Il suffit de s'intéresser aux monuments pour les sortir de l'oubli,  raconte le guide du jour, qui a pris le soin d'emporter de vieux documents et de s'inspirer d'un regretté chargé d'âmes, le docte curé Ackerer.  Le départ a lieu devant l'église de l'Assomption, qui a une particularité. Une boîte à lettres près de l'entrée.

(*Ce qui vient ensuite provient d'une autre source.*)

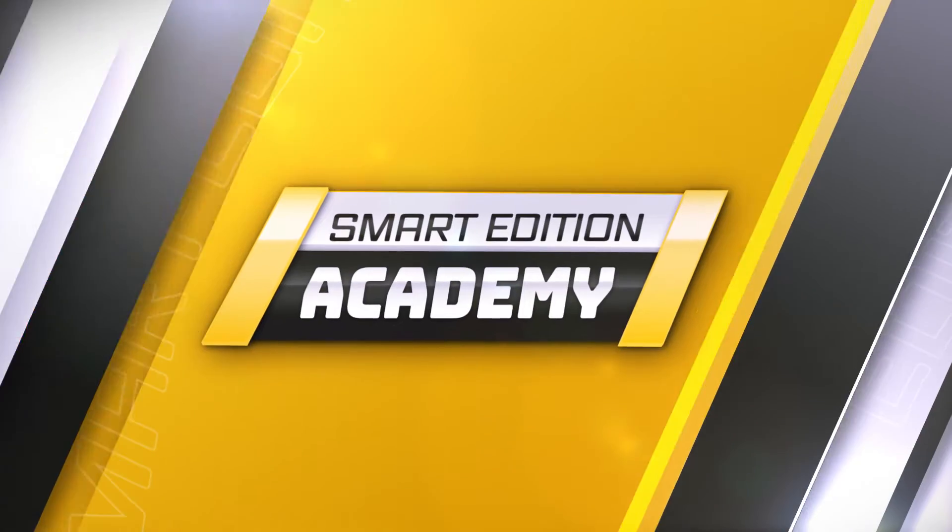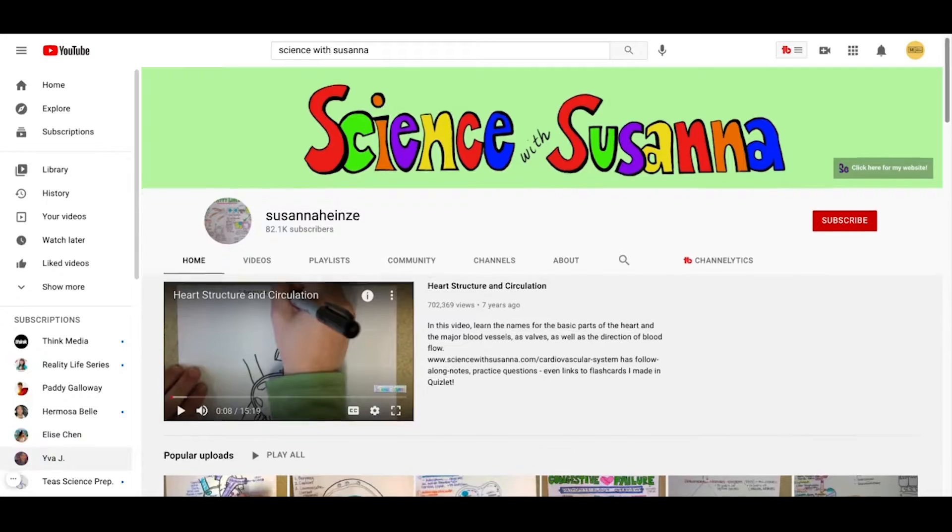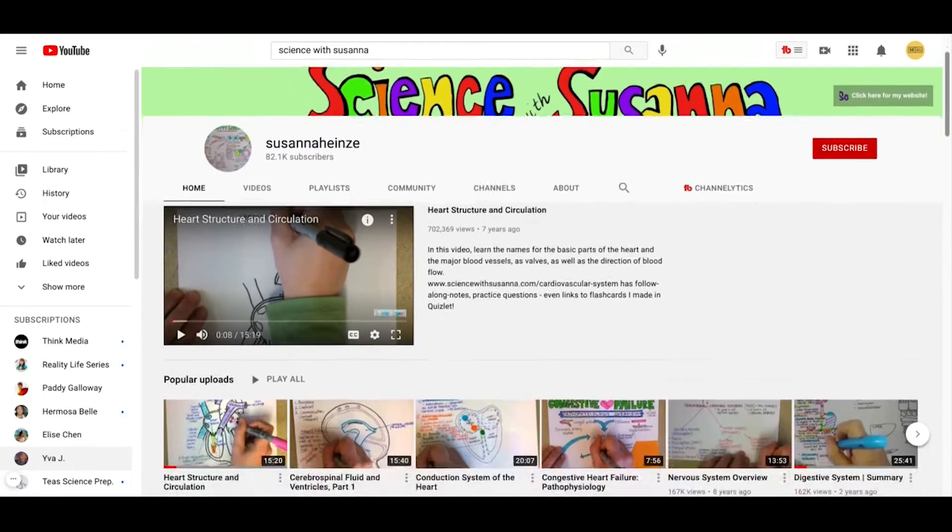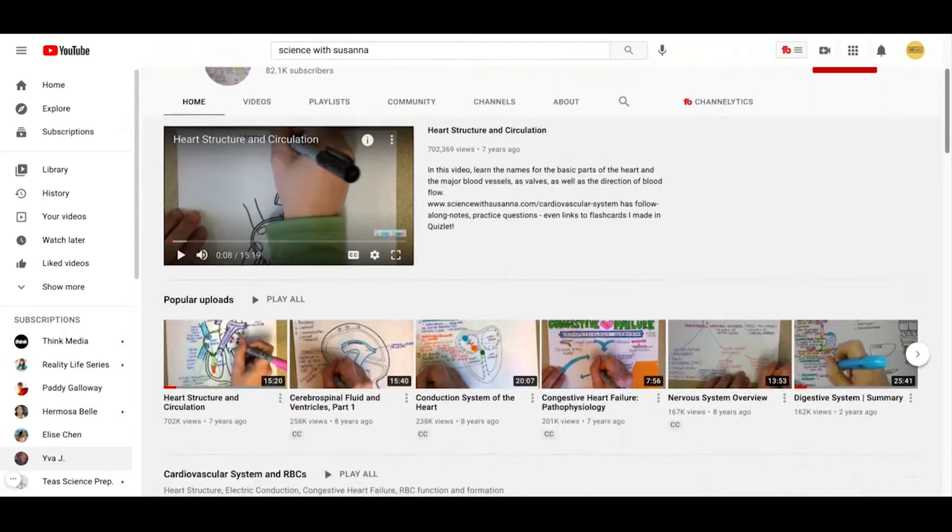Number 7 on our list is Science with Susanna. She has a great YouTube channel for Anatomy and Physiology where she draws all of the illustrations for each body system, talks through it, and she's also got a Quizlet which we'll mention as one of our top 10 resources.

Un premier arrêt devant l'ancien presbytère, où le feu s'était déclaré en mars. Un rappel à un éminent architecte, Pierre Racine, le père du château de Delémont. Puis la première croix, rue de Dietwiller. De béton, elle repose sur un socle daté de 1877. Elle se situe à la sortie du village, au-dessus de la route, sur une propriété privée. Touché par un bombardement en 1944, déplacé en 1972, ce monument avait été érigé à la mémoire d'une femme décédée en 1835. Mais lors de son enlèvement, on avait trouvé une autre croix, qui veille aujourd'hui sur le cimetière. Celle-ci mentionne 1750. La pièce originelle était peinte. Il s'agit d'une croix à panneau rond avec la scène du Calvaire.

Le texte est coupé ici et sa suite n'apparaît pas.